**DATA SECTION:**
+--
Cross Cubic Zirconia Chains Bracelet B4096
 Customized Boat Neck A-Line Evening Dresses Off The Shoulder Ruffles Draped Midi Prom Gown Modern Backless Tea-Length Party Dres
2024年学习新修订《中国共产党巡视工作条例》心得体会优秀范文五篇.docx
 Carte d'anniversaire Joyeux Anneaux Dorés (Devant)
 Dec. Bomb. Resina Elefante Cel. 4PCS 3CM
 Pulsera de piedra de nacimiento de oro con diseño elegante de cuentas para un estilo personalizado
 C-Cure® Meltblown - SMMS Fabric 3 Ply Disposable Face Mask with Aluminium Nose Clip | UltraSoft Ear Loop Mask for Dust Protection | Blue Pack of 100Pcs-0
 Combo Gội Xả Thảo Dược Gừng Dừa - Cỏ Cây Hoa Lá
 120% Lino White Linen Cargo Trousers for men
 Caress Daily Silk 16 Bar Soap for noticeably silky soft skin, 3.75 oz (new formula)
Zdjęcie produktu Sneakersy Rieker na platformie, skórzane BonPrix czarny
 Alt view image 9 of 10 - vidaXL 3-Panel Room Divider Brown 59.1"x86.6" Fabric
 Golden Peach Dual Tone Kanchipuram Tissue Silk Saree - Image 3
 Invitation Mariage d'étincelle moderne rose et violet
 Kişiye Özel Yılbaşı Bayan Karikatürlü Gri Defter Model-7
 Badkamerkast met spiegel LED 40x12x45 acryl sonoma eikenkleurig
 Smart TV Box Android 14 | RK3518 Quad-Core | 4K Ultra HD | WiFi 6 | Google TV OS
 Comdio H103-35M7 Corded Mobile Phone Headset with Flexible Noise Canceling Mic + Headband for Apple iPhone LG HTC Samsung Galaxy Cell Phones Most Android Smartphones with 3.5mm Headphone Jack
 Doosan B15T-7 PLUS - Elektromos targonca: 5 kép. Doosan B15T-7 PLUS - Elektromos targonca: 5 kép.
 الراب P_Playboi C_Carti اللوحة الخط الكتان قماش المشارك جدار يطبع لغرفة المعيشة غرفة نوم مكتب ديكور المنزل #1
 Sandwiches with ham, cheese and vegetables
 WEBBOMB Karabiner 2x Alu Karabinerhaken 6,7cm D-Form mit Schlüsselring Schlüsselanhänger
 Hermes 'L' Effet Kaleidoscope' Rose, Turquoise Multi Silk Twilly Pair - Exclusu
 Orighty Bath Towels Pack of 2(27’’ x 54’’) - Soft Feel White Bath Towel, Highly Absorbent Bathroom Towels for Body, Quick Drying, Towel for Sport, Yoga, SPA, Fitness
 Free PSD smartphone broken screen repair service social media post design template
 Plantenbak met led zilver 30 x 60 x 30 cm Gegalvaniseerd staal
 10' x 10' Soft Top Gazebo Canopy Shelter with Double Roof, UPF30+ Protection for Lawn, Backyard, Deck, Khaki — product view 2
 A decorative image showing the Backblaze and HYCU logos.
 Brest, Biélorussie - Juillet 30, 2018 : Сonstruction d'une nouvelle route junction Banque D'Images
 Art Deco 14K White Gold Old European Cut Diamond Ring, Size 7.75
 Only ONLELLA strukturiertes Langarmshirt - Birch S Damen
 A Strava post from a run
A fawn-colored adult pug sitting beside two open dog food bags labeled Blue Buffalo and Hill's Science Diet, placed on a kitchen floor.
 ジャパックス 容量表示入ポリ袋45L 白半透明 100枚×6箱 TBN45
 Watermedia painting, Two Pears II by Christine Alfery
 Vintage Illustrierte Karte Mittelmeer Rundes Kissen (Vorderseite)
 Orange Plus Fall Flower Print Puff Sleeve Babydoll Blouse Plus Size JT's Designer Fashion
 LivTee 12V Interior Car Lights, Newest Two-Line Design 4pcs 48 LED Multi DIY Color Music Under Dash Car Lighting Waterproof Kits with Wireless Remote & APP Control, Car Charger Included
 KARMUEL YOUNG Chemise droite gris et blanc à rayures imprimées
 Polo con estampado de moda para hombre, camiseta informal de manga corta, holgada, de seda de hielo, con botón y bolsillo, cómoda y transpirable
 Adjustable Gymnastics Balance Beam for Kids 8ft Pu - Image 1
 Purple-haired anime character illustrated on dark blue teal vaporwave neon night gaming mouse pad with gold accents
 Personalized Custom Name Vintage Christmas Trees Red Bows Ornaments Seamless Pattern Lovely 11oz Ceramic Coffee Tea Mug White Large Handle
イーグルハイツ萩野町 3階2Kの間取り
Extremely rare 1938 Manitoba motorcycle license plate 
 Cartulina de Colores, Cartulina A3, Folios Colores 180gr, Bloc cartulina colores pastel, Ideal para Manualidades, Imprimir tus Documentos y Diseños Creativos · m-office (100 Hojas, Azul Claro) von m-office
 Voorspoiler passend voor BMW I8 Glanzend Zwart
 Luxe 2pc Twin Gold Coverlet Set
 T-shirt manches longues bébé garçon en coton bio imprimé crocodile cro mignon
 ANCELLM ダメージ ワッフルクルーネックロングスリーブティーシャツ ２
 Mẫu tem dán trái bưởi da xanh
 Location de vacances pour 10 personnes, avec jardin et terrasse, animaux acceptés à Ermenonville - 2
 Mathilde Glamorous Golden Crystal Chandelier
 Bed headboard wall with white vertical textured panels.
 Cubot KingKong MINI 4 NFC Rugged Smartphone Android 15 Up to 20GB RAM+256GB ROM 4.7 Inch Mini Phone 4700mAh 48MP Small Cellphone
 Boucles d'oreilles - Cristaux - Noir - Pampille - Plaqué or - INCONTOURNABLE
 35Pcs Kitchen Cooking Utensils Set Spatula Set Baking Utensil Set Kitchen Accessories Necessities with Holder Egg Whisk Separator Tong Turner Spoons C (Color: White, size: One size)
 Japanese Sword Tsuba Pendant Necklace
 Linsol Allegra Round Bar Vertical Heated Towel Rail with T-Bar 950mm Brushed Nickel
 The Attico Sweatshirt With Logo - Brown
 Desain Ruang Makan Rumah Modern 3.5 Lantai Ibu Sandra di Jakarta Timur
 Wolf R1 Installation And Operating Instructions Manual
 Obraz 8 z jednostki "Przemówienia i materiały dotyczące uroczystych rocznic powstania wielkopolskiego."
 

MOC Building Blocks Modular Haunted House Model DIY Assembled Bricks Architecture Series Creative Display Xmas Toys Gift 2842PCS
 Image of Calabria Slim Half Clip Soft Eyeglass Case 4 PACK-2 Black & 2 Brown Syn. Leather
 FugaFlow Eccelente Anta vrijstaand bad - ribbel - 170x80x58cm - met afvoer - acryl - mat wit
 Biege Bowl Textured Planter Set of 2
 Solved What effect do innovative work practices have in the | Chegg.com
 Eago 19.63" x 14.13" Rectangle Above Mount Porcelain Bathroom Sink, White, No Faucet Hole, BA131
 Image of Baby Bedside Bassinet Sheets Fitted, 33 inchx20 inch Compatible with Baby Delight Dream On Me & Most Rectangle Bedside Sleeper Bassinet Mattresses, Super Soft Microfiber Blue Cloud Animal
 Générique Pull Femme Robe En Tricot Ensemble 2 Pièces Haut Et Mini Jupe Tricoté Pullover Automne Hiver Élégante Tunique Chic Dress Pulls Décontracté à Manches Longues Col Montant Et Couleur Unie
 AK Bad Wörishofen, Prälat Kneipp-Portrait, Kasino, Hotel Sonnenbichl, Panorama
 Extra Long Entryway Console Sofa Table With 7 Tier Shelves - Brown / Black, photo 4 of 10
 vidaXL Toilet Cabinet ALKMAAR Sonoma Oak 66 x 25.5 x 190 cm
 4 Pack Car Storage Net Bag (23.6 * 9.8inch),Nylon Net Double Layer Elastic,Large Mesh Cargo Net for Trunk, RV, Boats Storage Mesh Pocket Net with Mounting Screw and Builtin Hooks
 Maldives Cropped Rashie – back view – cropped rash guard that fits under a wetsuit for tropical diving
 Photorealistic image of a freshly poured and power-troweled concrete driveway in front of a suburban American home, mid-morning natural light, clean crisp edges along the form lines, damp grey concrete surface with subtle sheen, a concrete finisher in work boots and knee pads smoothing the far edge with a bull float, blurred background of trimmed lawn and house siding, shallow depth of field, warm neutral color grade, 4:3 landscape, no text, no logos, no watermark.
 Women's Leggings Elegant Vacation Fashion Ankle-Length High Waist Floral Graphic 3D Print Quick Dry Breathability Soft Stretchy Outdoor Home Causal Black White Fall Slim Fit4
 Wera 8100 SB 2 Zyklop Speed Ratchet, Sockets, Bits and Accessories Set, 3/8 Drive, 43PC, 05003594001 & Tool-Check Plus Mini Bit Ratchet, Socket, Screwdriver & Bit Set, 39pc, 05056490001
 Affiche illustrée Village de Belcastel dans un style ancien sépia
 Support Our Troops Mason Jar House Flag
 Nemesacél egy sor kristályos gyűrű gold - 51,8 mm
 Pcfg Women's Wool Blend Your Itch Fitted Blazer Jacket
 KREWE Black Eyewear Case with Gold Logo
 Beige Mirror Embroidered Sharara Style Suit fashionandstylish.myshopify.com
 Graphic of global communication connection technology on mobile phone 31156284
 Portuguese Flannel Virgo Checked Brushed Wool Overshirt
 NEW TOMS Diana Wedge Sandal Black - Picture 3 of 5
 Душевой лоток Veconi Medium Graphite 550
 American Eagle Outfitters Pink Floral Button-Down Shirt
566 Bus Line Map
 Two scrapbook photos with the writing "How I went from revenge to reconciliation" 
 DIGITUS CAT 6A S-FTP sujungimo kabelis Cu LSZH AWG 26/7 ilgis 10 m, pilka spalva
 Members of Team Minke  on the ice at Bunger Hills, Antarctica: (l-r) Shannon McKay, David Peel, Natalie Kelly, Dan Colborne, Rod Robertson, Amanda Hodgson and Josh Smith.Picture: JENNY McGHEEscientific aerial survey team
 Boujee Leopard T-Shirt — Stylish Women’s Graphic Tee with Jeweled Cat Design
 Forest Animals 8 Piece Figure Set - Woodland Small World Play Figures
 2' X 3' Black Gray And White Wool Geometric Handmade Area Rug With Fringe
+--
**TASK DETAILS:** From the records above, copy out the line with "ジャパックス 容量表示入ポリ袋45L 白半透明 100枚×6箱 TBN45", the line with "Orange Plus Fall", and every line between them, word for word.

**YOUR SOLUTION:**
 ジャパックス 容量表示入ポリ袋45L 白半透明 100枚×6箱 TBN45
 Watermedia painting, Two Pears II by Christine Alfery
 Vintage Illustrierte Karte Mittelmeer Rundes Kissen (Vorderseite)
 Orange Plus Fall Flower Print Puff Sleeve Babydoll Blouse Plus Size JT's Designer Fashion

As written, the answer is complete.